What makes cascades dangerous

Three properties make information cascades economically significant. First, cascades occur with positive probability even when the majority of private signals point in the wrong direction. A run of two early adopters with high signals can start a cascade toward \(a = 1\) even when, say, six of the next ten agents have low signals — all six follow the crowd. The aggregate action is biased.

Second, cascades are fragile to public information releases. Because private signals are suppressed during a cascade, the collective action carries no information beyond the first few adopters. A single credible announcement can shatter a cascade and reverse the entire population’s behavior. This is the mechanism behind sudden market reversals and social media pile-ons that flip direction within hours.

Third, the onset of a cascade is essentially determined by the first two or three movers. This places enormous strategic importance on early-mover identity — not because first movers are more intelligent but because their actions form the public history that determines whether the cascade locks in. This is the economic logic behind the race to be first in financial markets and the disproportionate influence of early adopters in technology adoption.

Finance application: dot-com and the herding literature

Welch (2000) documented direct evidence of analyst herding on Wall Street: the revisions of a given analyst are significantly correlated with the direction of recent revisions by other analysts, controlling for the new fundamental information available. Scharfstein and Stein (1990) offered a reputational explanation — a bad-news analyst herds toward the consensus to avoid being seen as an outlier — which is a rational but informationally destructive equilibrium. Both mechanisms produce information cascades in professional financial advice.

Live simulation: how fast does a cascade lock in?

The following cell simulates a sequential Bayesian cascade of \(n = 30\) agents. Each agent observes all previous actions and holds a private signal with accuracy \(q = 0.65\). The state is fixed at \(\theta = 1\), so all signals favor adoption, but the cascade may still occasionally lock onto the wrong action if early agents happen to receive low signals. The simulation records the running fraction of agents who have adopted and plots it alongside a dashed line indicating the true state, revealing how quickly the public history overwhelms any remaining private information.

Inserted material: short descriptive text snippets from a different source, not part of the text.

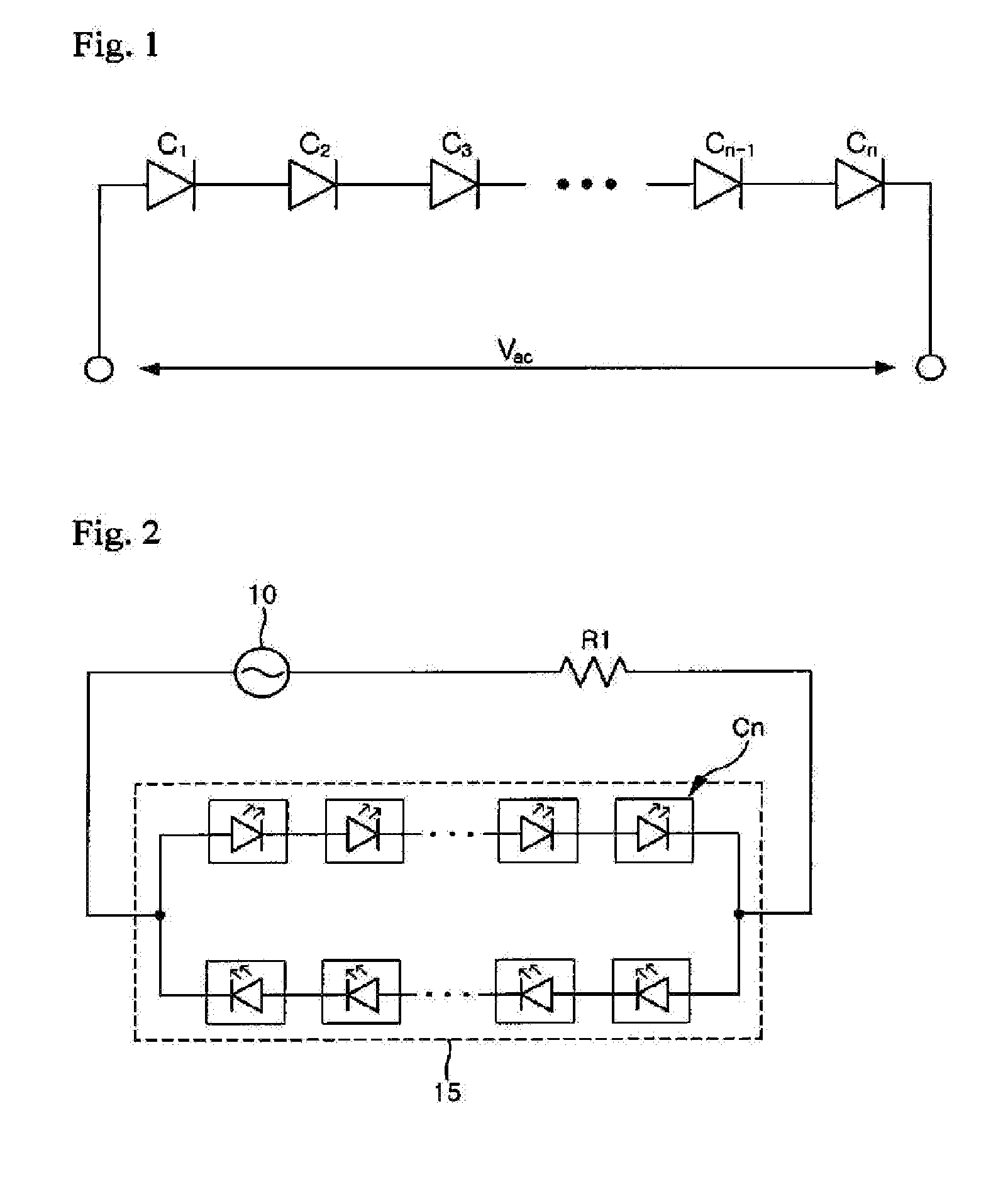 Illumination system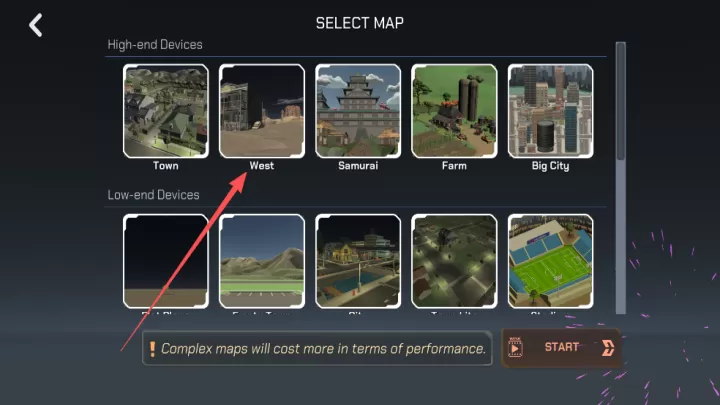 大型烟花模拟器_https://m.nk-zx.com_休闲益智_第2张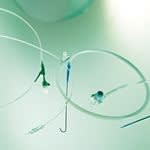 UV protection for polycarbonate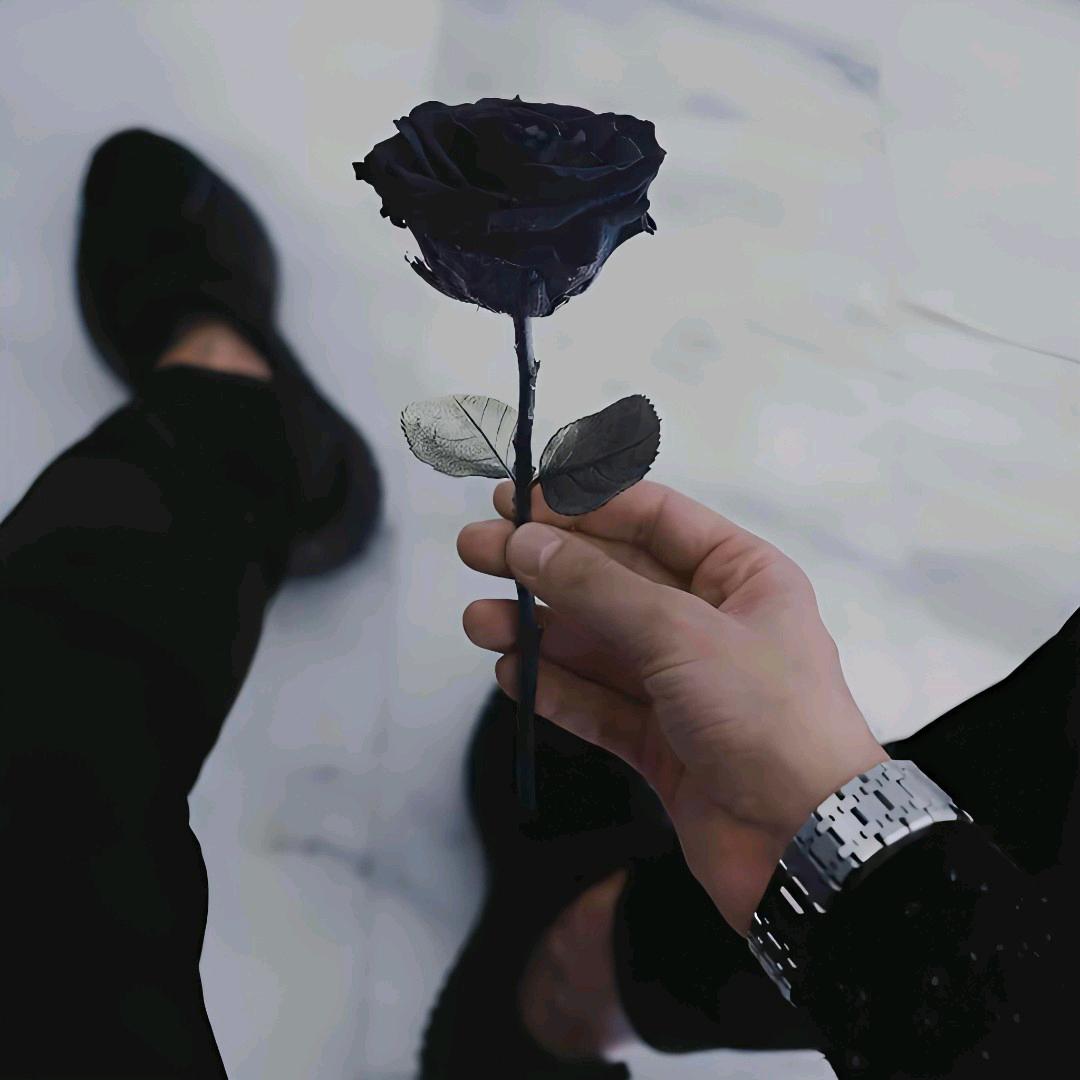 雄哥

The two panels tell different stories about the same simulation. The left panel shows what an outside observer sees: a rising adoption fraction that appears to reflect growing consensus. The right panel shows the information content of that consensus: once the public log-likelihood ratio \(\ell_t\) crosses the signal-accuracy threshold (the dashed red line), the chain locks in. Every action thereafter is a copy, not an independent signal. The social mechanism has produced pseudo-consensus — agreement without information aggregation.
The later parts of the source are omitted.